(Extracted data entries)

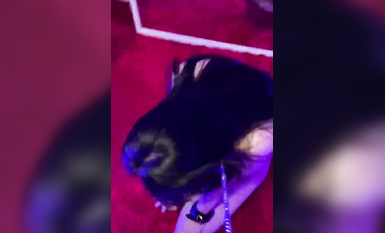 母狗跪在地上，_被爸爸一耳光扇飛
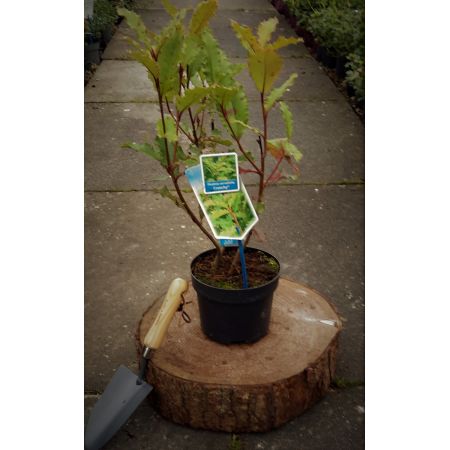 Photinia serratifolia 'Crunchy' - 2L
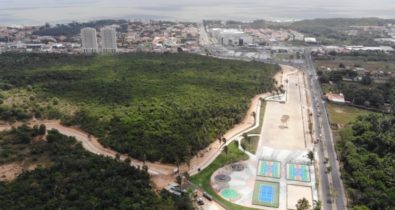 A importância do verde na cidade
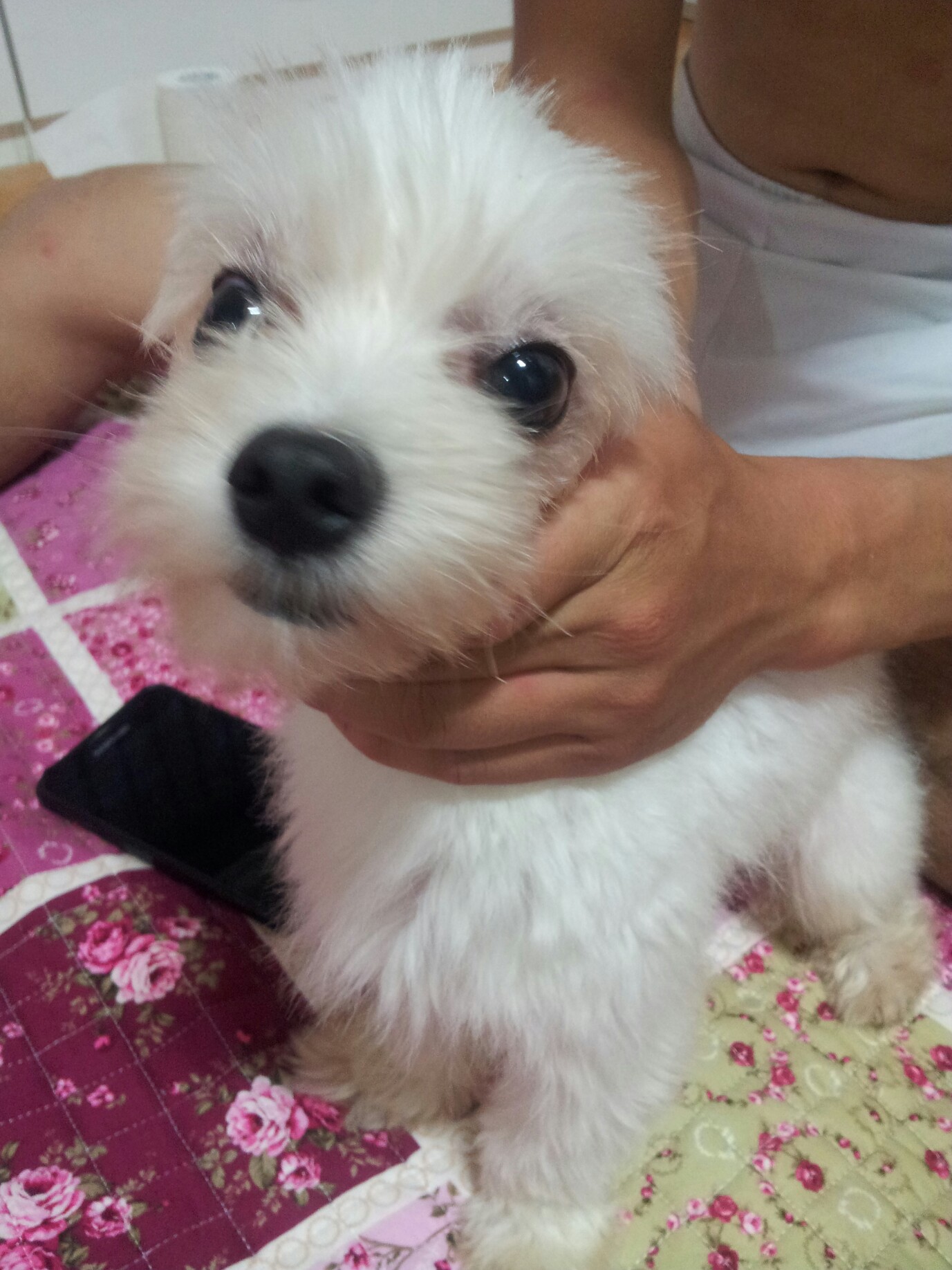 서울 면목2동 말티즈남아 두살 찾아요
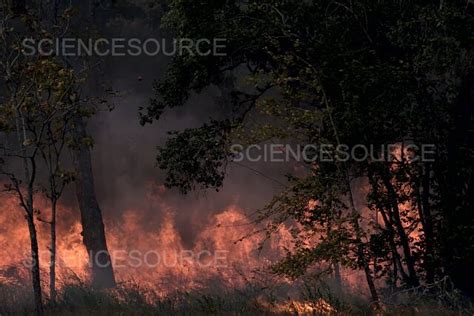 Grass Fire | Stock Image - Science Source Images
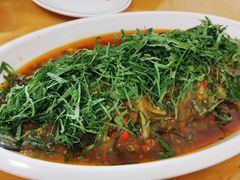 -老字号怡玺·藿香雅鱼(20年雅安店)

■ **TASK**
Images stay out; the entries above are to be printed exactly.

■ **REPLY**
 母狗跪在地上，_被爸爸一耳光扇飛
 Photinia serratifolia 'Crunchy' - 2L
 A importância do verde na cidade
 서울 면목2동 말티즈남아 두살 찾아요
 Grass Fire | Stock Image - Science Source Images
 -老字号怡玺·藿香雅鱼(20年雅安店)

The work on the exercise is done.